- [EXERCISE DIRECTIONS]:
Before copying, find the line below that contains "9Pcs Wooden Shapes Themed Puzzle Board"; then return it and all later lines exactly, up to and including the final line, with no pictures.

- [RECORDS PROVIDED]:
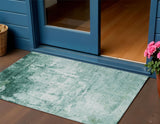 3' X 5' Aqua And Ivory Abstract Washable Indoor Outdoor Area Rug
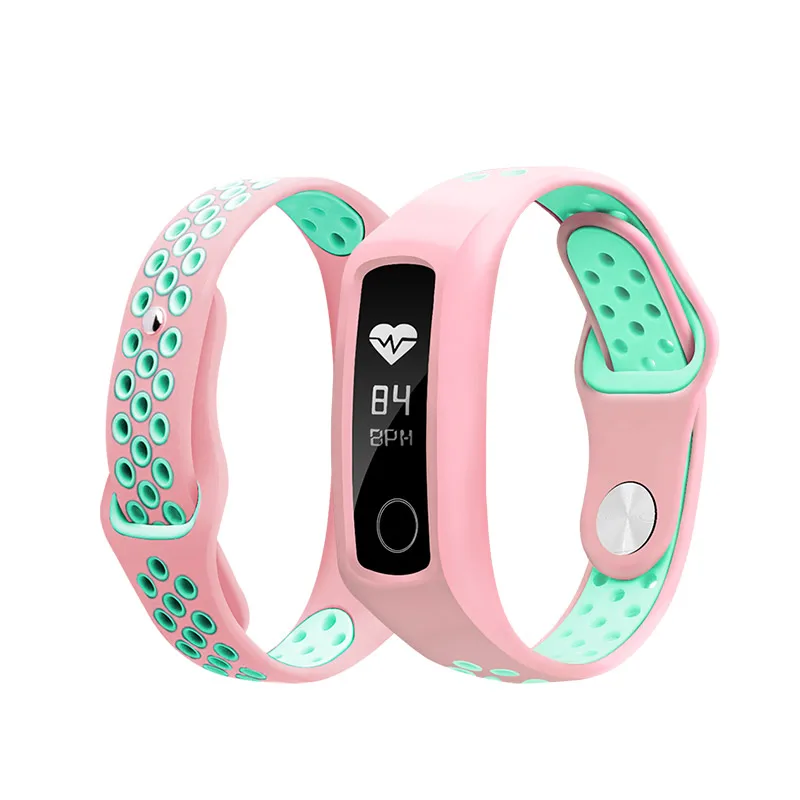 pink cyan Два-Цвет мягкий силиконовый ремешок для honor band 4/5/3 спортивный ремешок пористый вентиляции Цветной браслет honor band 4 ремень - Цвет: pink cyan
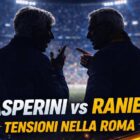 Ranieri ruolo Roma 2026: Gasperini e Ranieri di spalle discutono animatamente in uno stadio con grafica sportiva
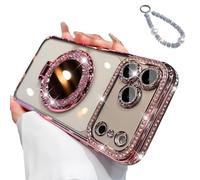 Genérico Sparkling Diamond Women's Phone Case with Mirror and Stand,Sparkling Rhinestone Phones Case for iPhone 11/12/13/14/15/16/17 Series,Folding Magnetic Kickstand Diamond Cases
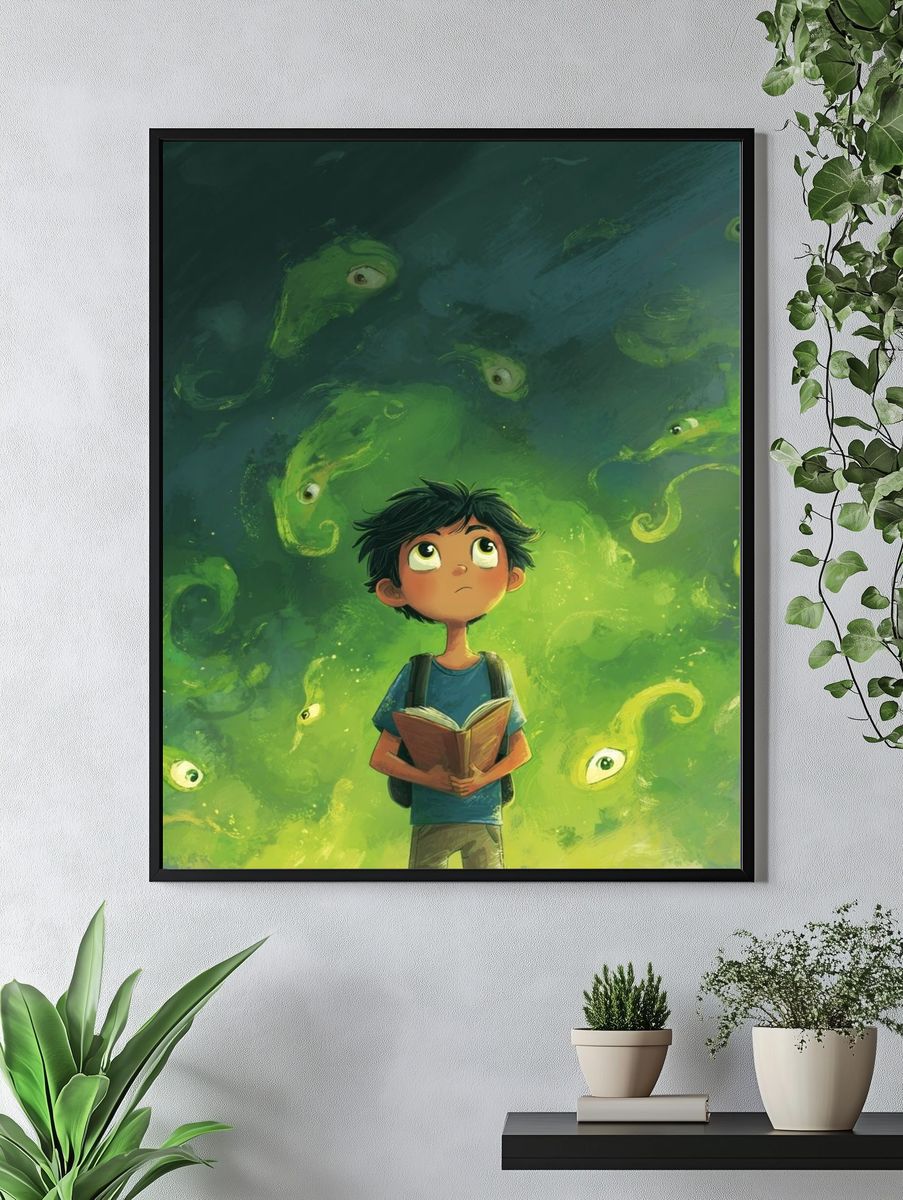 Boy and Green Spirits Illustration Poster. — room view 4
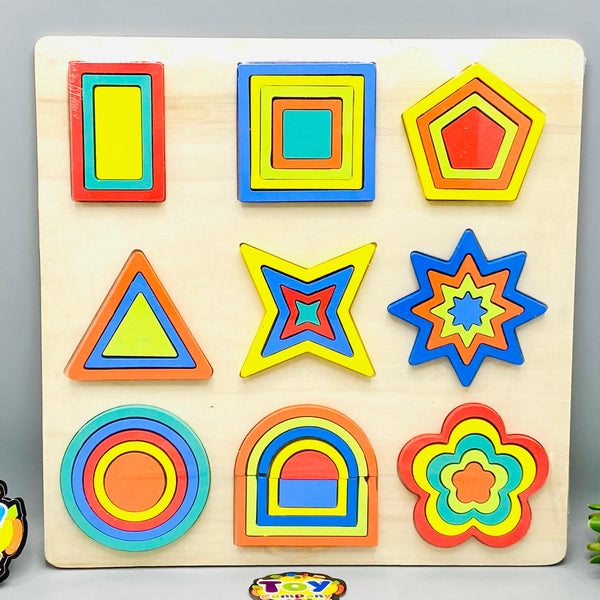 9Pcs Wooden Shapes Themed Puzzle Board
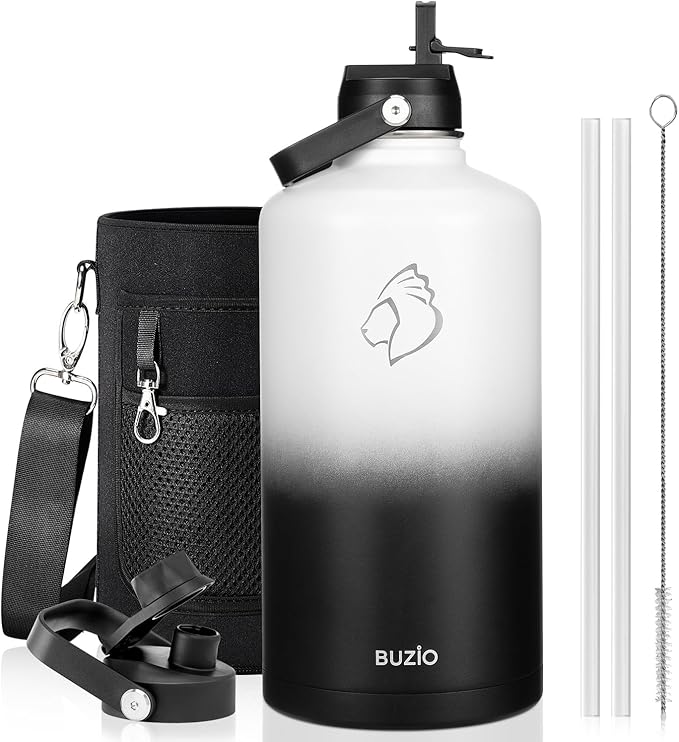 BUZIO 1 Gallon Water Bottle, 128oz Insulated Water Jug Double Walled Vacuum by BUZIO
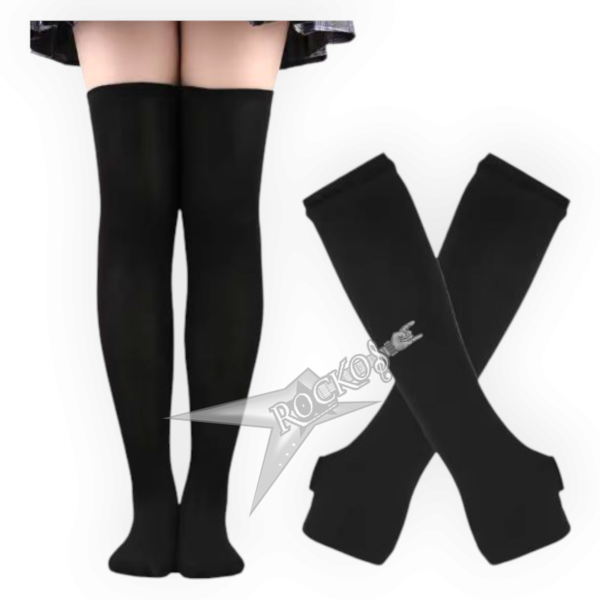 STRIPED  SOCKS & LONG CUFF (BLACK)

- [RESPONSE]:
 9Pcs Wooden Shapes Themed Puzzle Board
 BUZIO 1 Gallon Water Bottle, 128oz Insulated Water Jug Double Walled Vacuum by BUZIO
 STRIPED  SOCKS & LONG CUFF (BLACK)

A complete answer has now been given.